Paciente – Ah, acho que estou lembrando, apareceu um negócio ali, tenho que operar. Tenho que ir lá no hospital.
Entrevistador – Então, mas tem um curativo ali… será que o senhor não já operou não?
Paciente – Poxa… É mesmo!… Você tem razão, agora estou me lembrando, estou no hospital… puxa, mas eu já operei então?… Eu nem vi nada… quando foi isso?
Isso funciona sempre?
Não, mas poderá lhe ajudar de várias formas em situações diferentes. Conversar com as pessoas e se permitir ouvi-las não é tarefa fácil, muito menos quando essas pessoas estão sofrendo mentalmente de alguma forma. Caso tenha dificuldade, não hesite, leve sua dúvida para alguém ou discuta o caso.
Inclusive, costumo sugerir que evite adicionar elementos novos à quadros delirantes, como também passar a falar de coisas fora do contexto real, pois eles provavelmente aumentarão a demanda para você e para quem estiver em volta.

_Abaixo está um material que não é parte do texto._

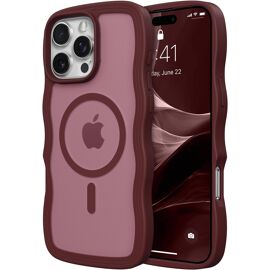 SUBZONAL-pour iPhone 16 Pro Max Magnétique Coque, Boucles d'oreilles Vague Cadre Silicone Cas Compatible avec MagSafe Translucide Mat Résistant aux Chocs Téléphone Couverture, Rouge vin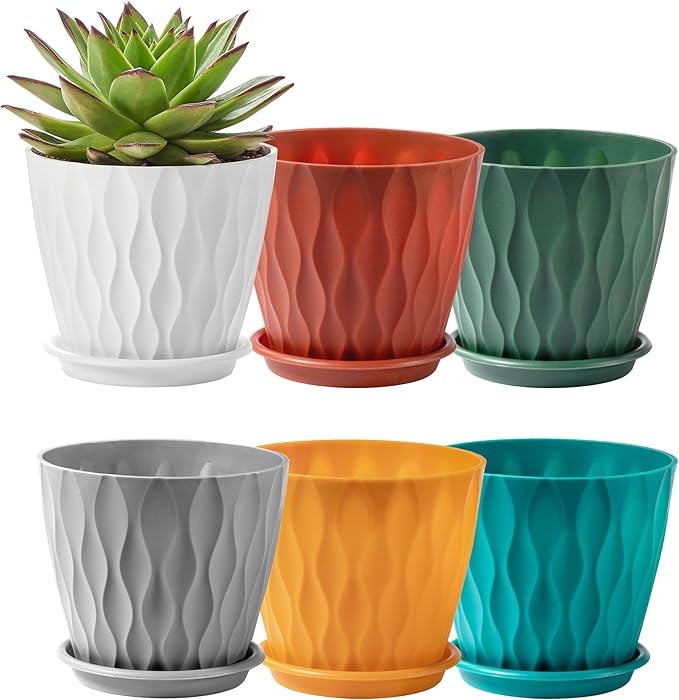 FaithLand 6-Pack 6-Inch Plastic Plant Pots by FaithLand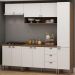 Armário Aéreo 120 cm 2 Portas Frente 100% MDF Estilo Americano Branco/Ébano
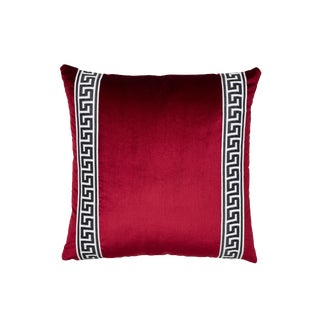 Schumacher Venetian Silk Velvet Pillow in Port Red For Sale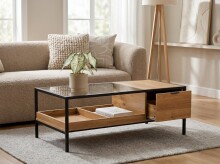 Couchtisch >Mandurah 2< Schublade, Ablage, Eiche...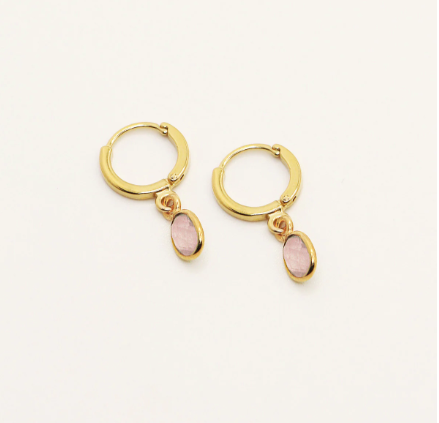 everyday semi precious stone hoop drop earrings. 24k gold plated.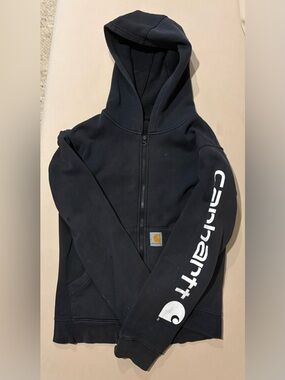 Carhartt mid weight zip-up hoodie Black Size Youth L 14-16, Women’s S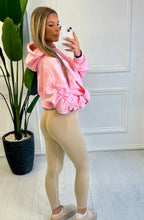 Load image into Gallery viewer, Pink Jordan Ruched Sleeve Hoodie
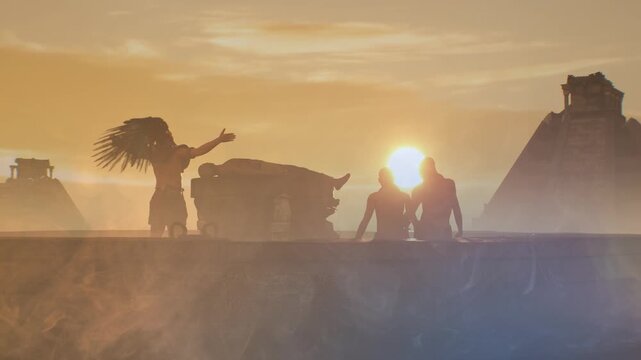 ancient Mayan aztec tribe , priest brings human sacrifices 3d render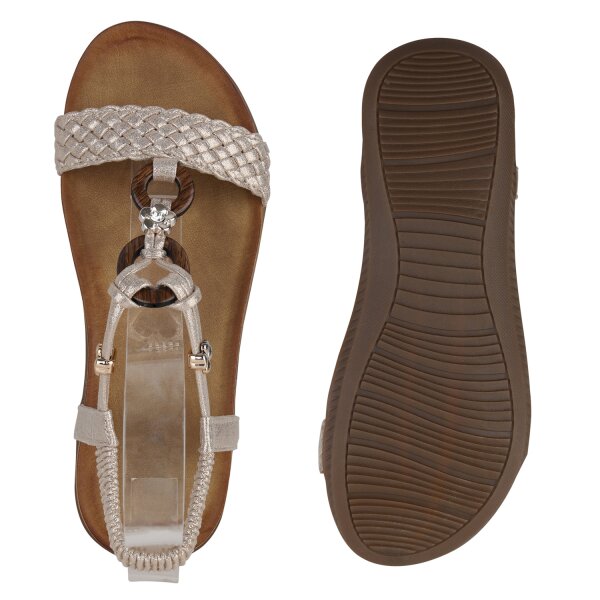 Stiefelparadies Damen Riemchensandalen in Gold Fabrikladen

Noutras palavras, aquilo que você disser, seja através da estratégia que escolher, poderá voltar a você.
Procure ser franco em sua atuação. Falar com o paciente nem sempre é suficiente e em alguns casos o efeito pode ser apenas temporário (como quando há alterações de memória recente ou no ciclo de sono). Quando a situação é assim, é importante considerar o custo-benefício entre mantê-lo com ou sem algum tipo de contenção.

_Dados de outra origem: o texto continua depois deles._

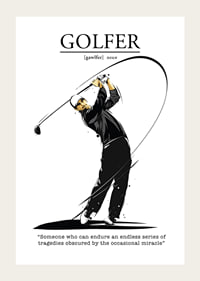 Illustrated golfer in black and white attire with swing-3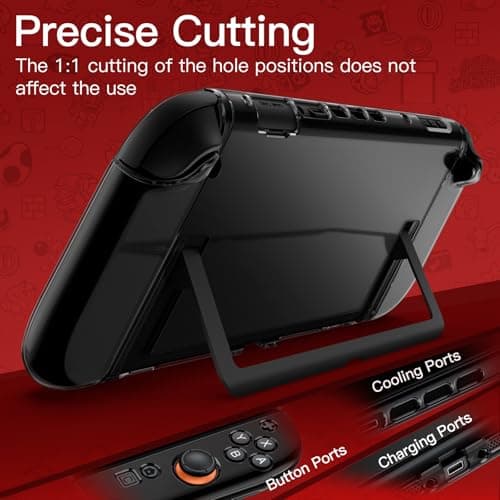 JETech Black Clear Dockable Case for Nintendo Switch 2 (2025) 7.9 Inch, Soft TPU Grip Cover for Joy-Con Detachable, Slim Carrying Protective PC Back Shell, Anti-Scratch — view 4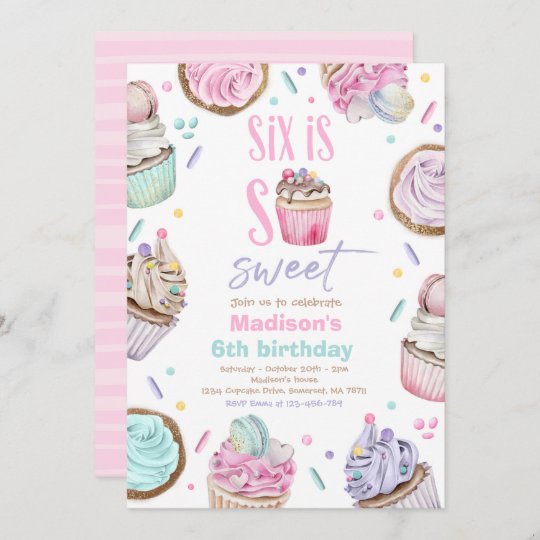 Invitation Cupcake 6 Anniversaire De La 6e Fete Est Si Sucre Zazzle Ch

No caso da contenção, é preciso considerar vários fatores, como o nível de agitação, se o paciente corre risco de se ferir ou aos outros, as medicações de que já faz uso ou deixou de fazer, se é pré ou pós-operatório. Seja a escolha por contenção química ou física, é sempre importante explicar o que está fazendo, qual a razão e mostrar firmeza à respeito, pois essas também são medidas de socorro em saúde mental, dentre as quais é preciso ainda cuidado para não transformá-las em atos de violência ou algo que se confunda com isso.
E ainda que possa ser abstrato e obscuro, ser franco com o paciente nessas horas críticas pode ajudar e até firmar um vínculo de confiança dele com você mais para frente.